Alcalde of Buenos Aires
- In office 1592–1593
- Monarch: Philip II
- Preceded by: Pedro de Izarra
- Succeeded by: Francisco Perez de Burgos

Alcalde of Buenos Aires
- In office 1618–1619
- Monarch: Philip III
- Preceded by: Cristóbal Naharro
- Succeeded by: Francisco García Romero

Personal details
- Born: 1557 Sevilla, Andalucia, Spain
- Died: 1619 (aged 61–62) Buenos Aires, Viceroyalty of Peru
- Occupation: conquistador politician
- Profession: Army officer

Military service
- Allegiance: Spain
- Branch/service: Spanish Army
- Years of service: c.1570-c.1619
- Rank: Captain
- Unit: Fuerte de Buenos Aires

= Antón Higueras de Santana =

Anton Higueras de Santana (1557–1619) was a Spanish Captain, who served as expeditionary and conquistador. He participated in the second foundation of Buenos Aires, holding honorary positions as mayor and alderman of the Buenos Aires Cabildo.

== Biography ==
He was born in Salteras, Sevilla, son of Pedro Correa de Santana and Antonia Morena, belonging to an old Andalusian family. He had arrived in the Río de la Plata, in the expedition of Ortiz de Zárate, accompanied by his mother, and his sisters Maria Correa, Catherine Correa, Isabel and Leonor Correa de Santana, according to the shipping records, a nice woman with blond hair and blue eyes. His father Pedro Correa, had died in his hometown.
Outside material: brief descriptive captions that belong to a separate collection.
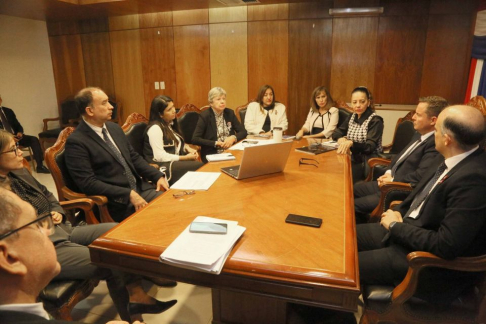 Ministro Martínez Simón encabezó reunión técnica para la implementación del RUN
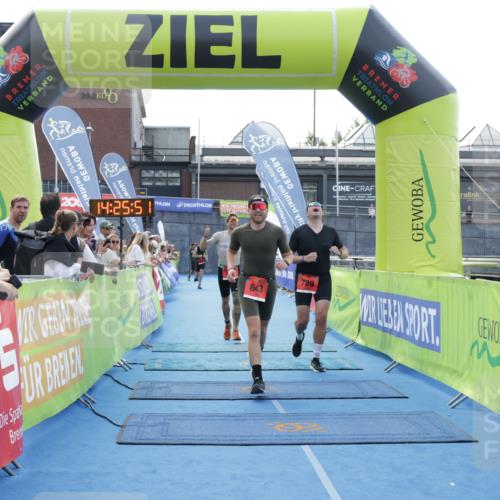 10.08.2025 - GEWOBA Citytriathlon Bremen H.Heesch http://msf.ph/oto/8556180 10.08.2025 14:25:54 Ziel 643, 749, 789 meine-sportfotos.de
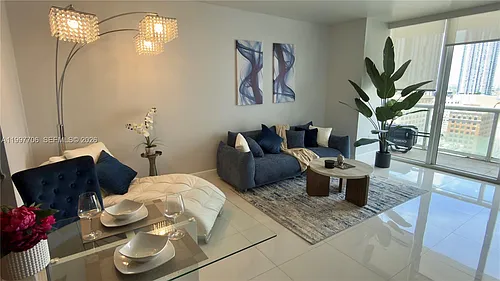 50 Biscayne Blvd #1907 Photo 1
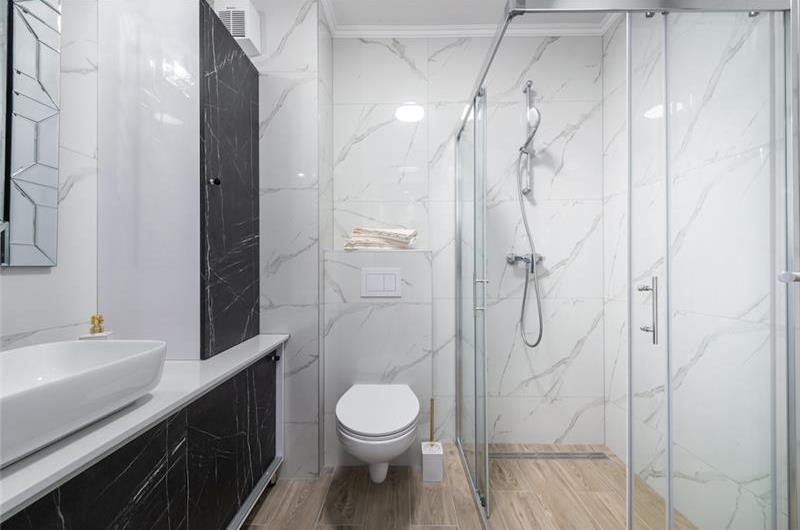 Luxury Studio Apartment with Free Parking in Gruz-Lapad, Dubrovnik City sleeps 2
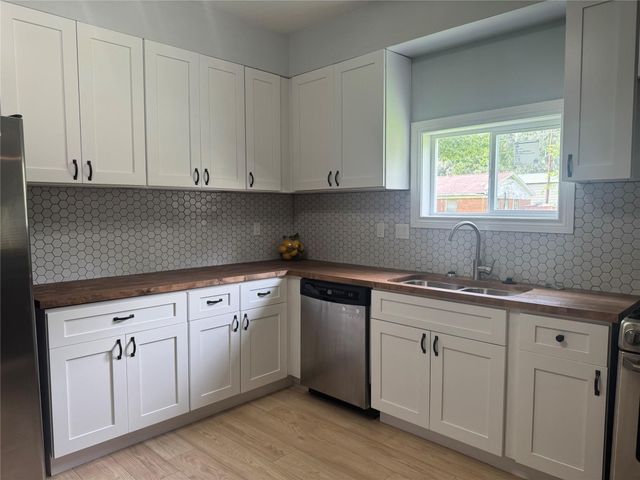 125 N Shirley Street, Alvin, TX 77511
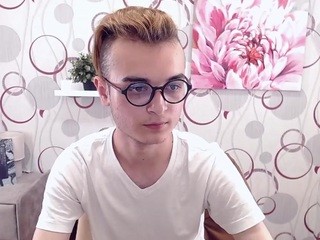 RonKit on cam for live nude video chat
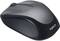 Un mouse wireless Logitech, grigio e nero, su una superficie bianca.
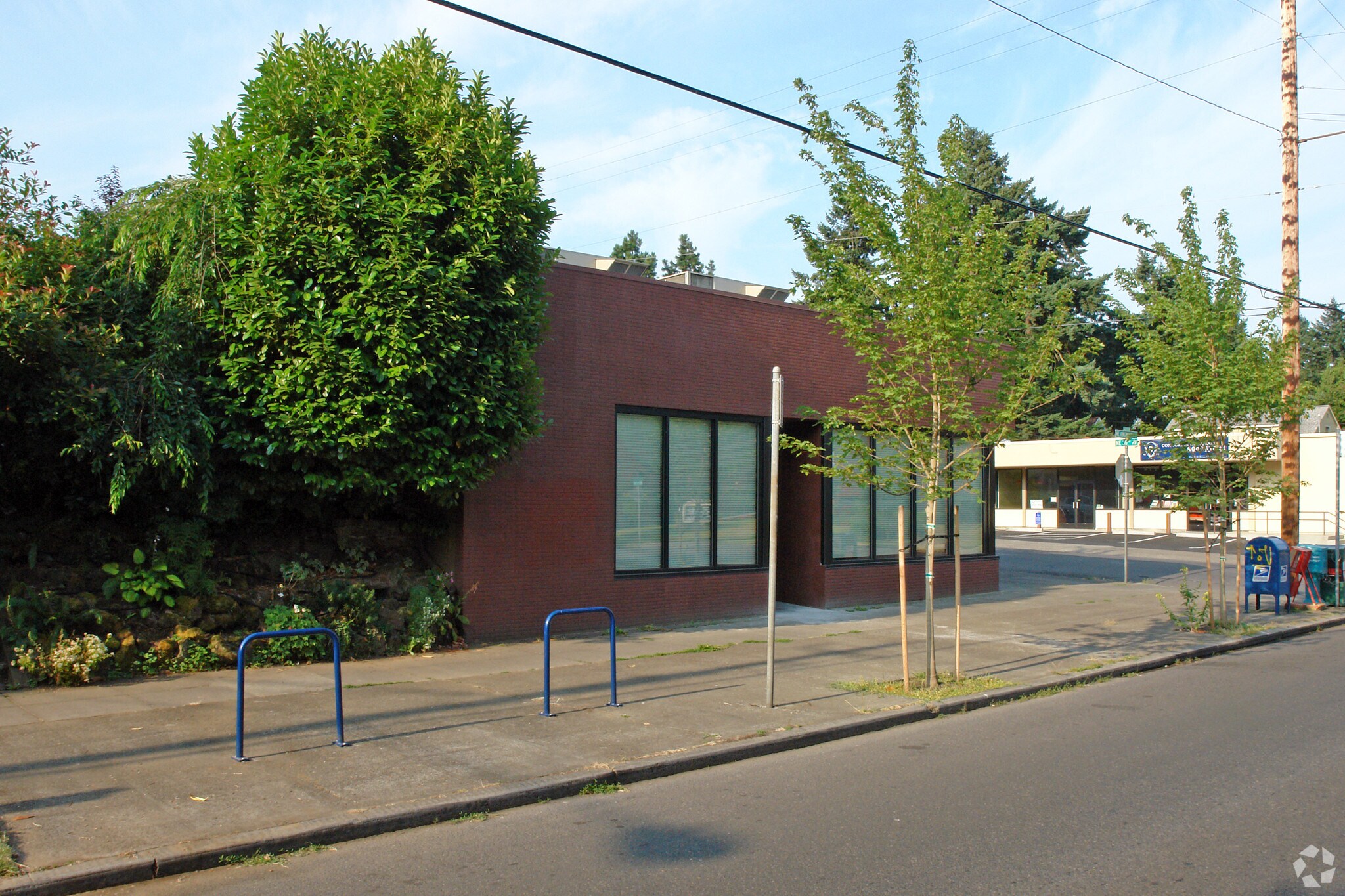 3002 NE Ainsworth St, Portland, OR 97211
Santana belonged to the first contingent of founding neighbors of Buenos Aires, who had been arrived with Juan de Garay from Santa Fe. He had served under Garay in military expeditiones against native populations. Towards the year of 1590, he was in charge of a caravan of wagons from the territory of San Miguel de Tucumán and Córdoba to the city of Buenos Aires.

Soon after settling in Buenos Aires, Santana began to hold Council positions in the city, serving as regidor in 1589, and lieutenant governor for 1595. Then he held the position of faithful executor, and served as alcalde of first vote of Buenos Aires in 1592 and 1618.

Like all the founding neighbors, Anton Higueras de Santana had received land grants. He owned a ranch located in the town of Las Conchas (Buenos Aires Province). He had two natural daughters, one of them was Beatriz Morena de Santana (wife of Francisco Rodriguez).